For the first time in two years we'll have an orthodox, full-length NBA season to look forward to. No lockout nonsense, and precious little obsession as to whether or not LeBron James will ever win the big one. He's won it, already, and our sanity as NBA followers is probably better off as a result. However big that shred of sanity is remains to be seen, following yet another offseason that once again proved that the NBA is full of Crazy McCrazytons that appear to take great delight in messing with us continually.

As a result of that offseason, and the impending regular season, why not mess with Ball Don't Lie's triptych of Kelly Dwyer, Dan Devine and Eric Freeman as they preview the 2012-13 season with alacrity, good cheer, and bad jokes.

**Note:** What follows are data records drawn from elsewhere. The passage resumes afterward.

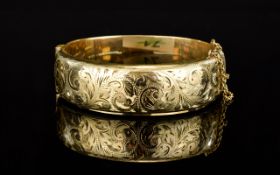 Edwardian Period 9ct Gold / Metal Core Hinged Bangle with Safety Chain.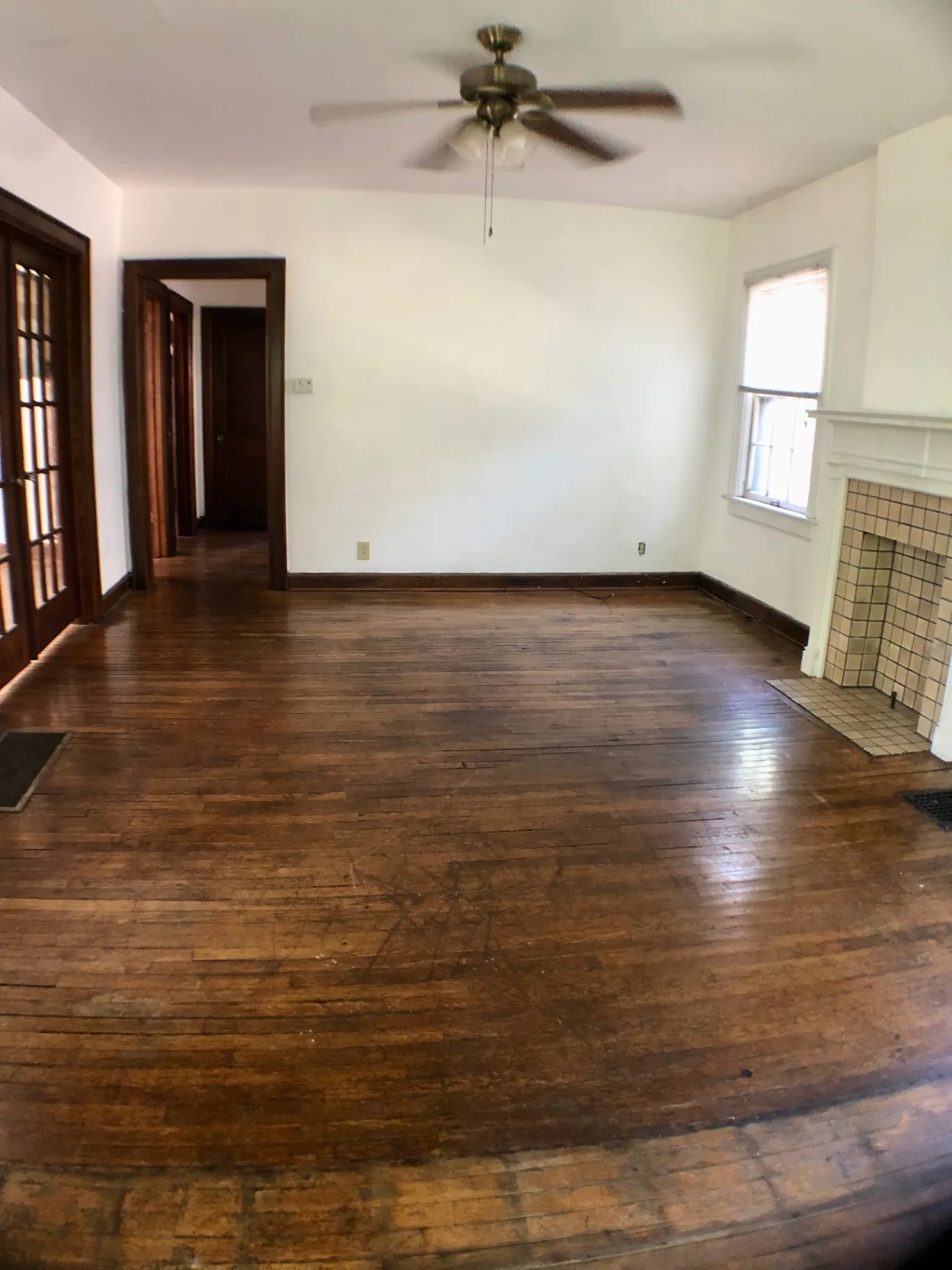 2044 Iuka Ave. A wide living room with hardwood floors, ceiling fan, and tile fireplace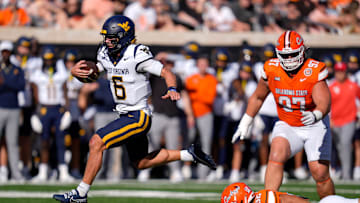West Virginia Mountaineers quarterback Garrett Greene (6) leaps past Oklahoma State Cowboys linebacker Gabe Brown (32) and nose tackle Justin Kirkland (97) on his way to the end zone to score a touchdown during a college football game between the Oklahoma State Cowboys (OSU) and the West Virginia Mountaineers at Boone Pickens Stadium in Stillwater, Okla., Saturday, Oct. 5, 2024.
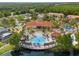 Aerial view of a large community pool and recreation center surrounded by palm trees and lush landscaping at 151 Hideaway Beach Ln, Kissimmee, FL 34746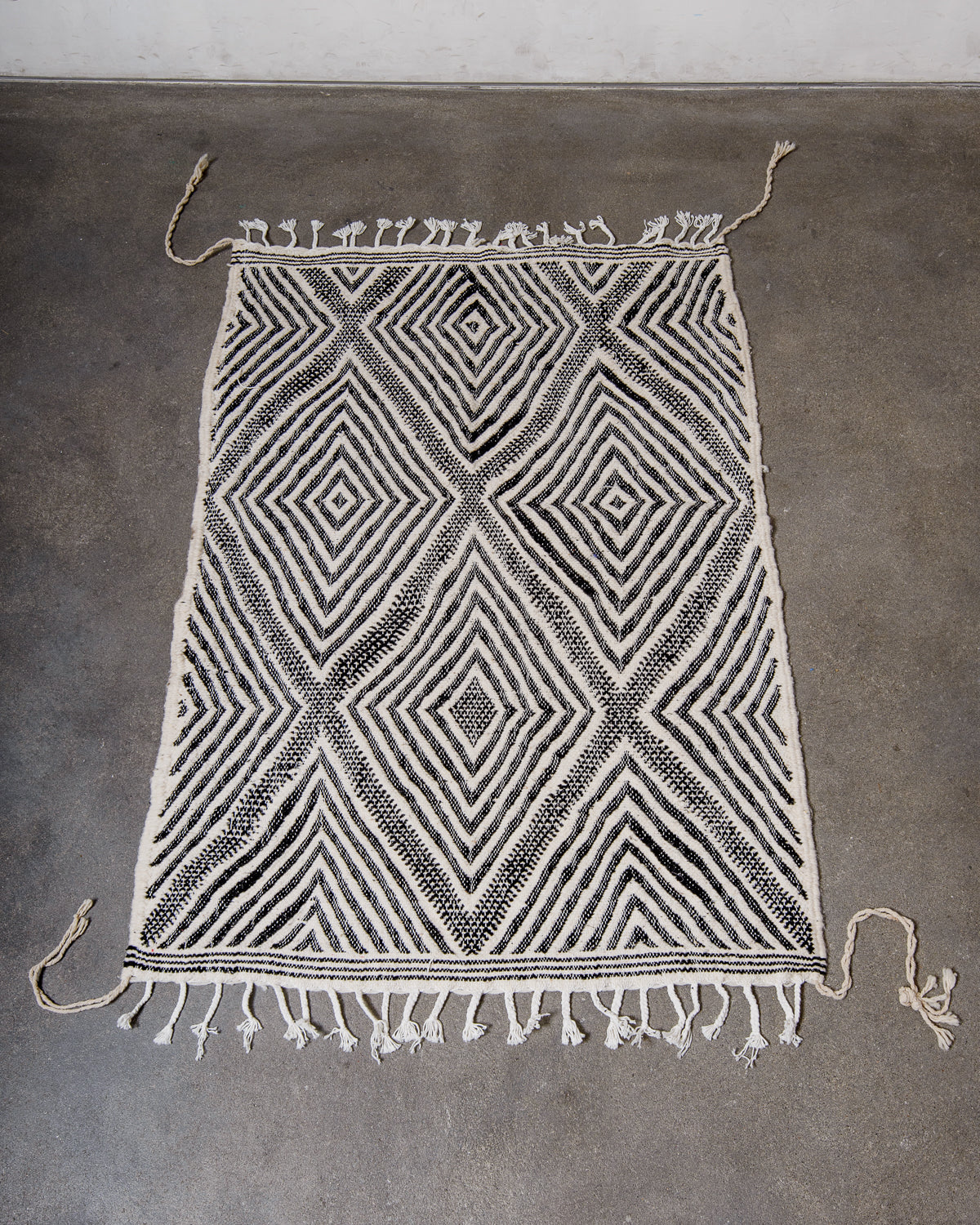 Small Kelim Rug in black and white laying on concrete studio floor.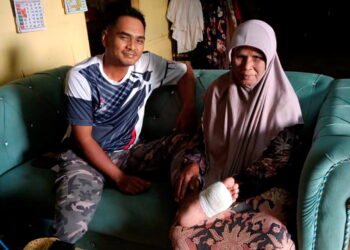 MOHAMMAD Rozaimi Ismail (kiri) bersama ibunya,  Aminah Abdullah menunjukkan tapak kaki kirinya yang dibedah di Felda Kota Gelanggi Empat di Jerantut, Pahang.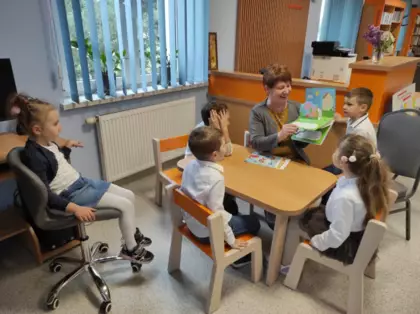 Przedszkolaki słuchają książeczki czytanej przez panią bibliotekarkę.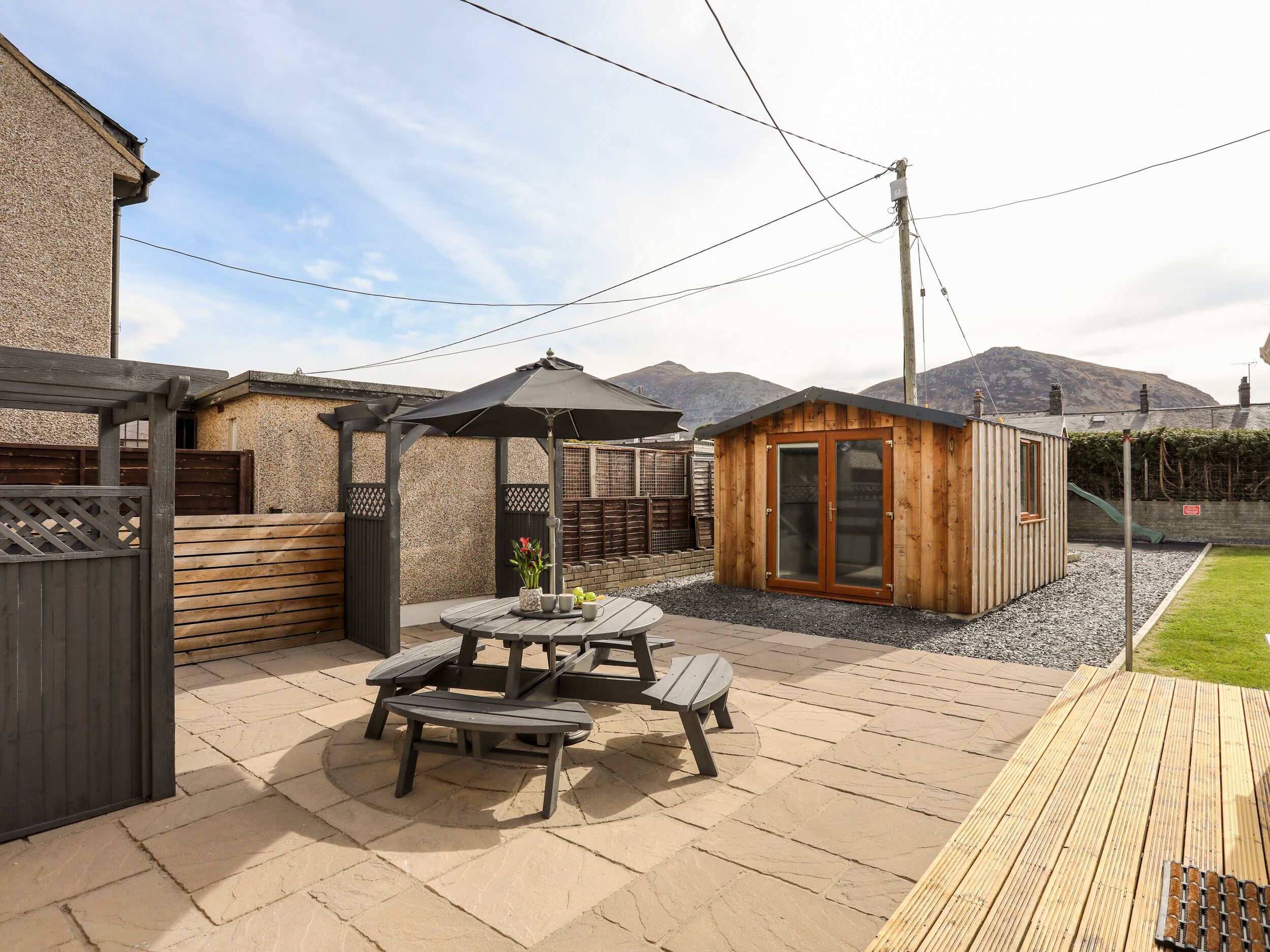 Eine Terrasse mit einem Holztisch und Bänken, eine kleine Holzkonstruktion mit Glastüren und ein Holzzaun.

We continue with the really, really cool Brooklyn Nets.

Kelly Dwyer's Kilt-Straightener

The addition of a pro basketball team to the borough of Brooklyn interests me. The addition of a second pro basketball team into the city of New York — even the ABA's old New York Nets played all the way out in Long Island — is a groovy thing, even if the team's former owners and local politicians did terrible and duplicitous things on their way toward razing a community's worth of homes to put a big brown stadium on the corner. The color scheme and Jay-Z's presence and Deron Williams' weird ascension as some sort of talk-the-talk superstar? Less interested, but thanks for the summertime fodder.

Now, the basketball. Now, a Nets team that is full of big-ish names with giant contracts and, presumably, happy and healthy feet. Ready to give coach Avery Johnson a cast worth his time, a team he can mold in his plucky image, and a chance to make it back to the Finals he visited as a player in 1999 and coach in 2006.

The actual business of stopping the other team might get in the way of all that. In the way of 50 wins, even. There is potential, sure, and Avery's scheming to perhaps rely on at some point, but these Nets are going to look like a Secaucus-styled horror show at times on that end, and it could hamstring whatever hopes that $81 million payroll might have.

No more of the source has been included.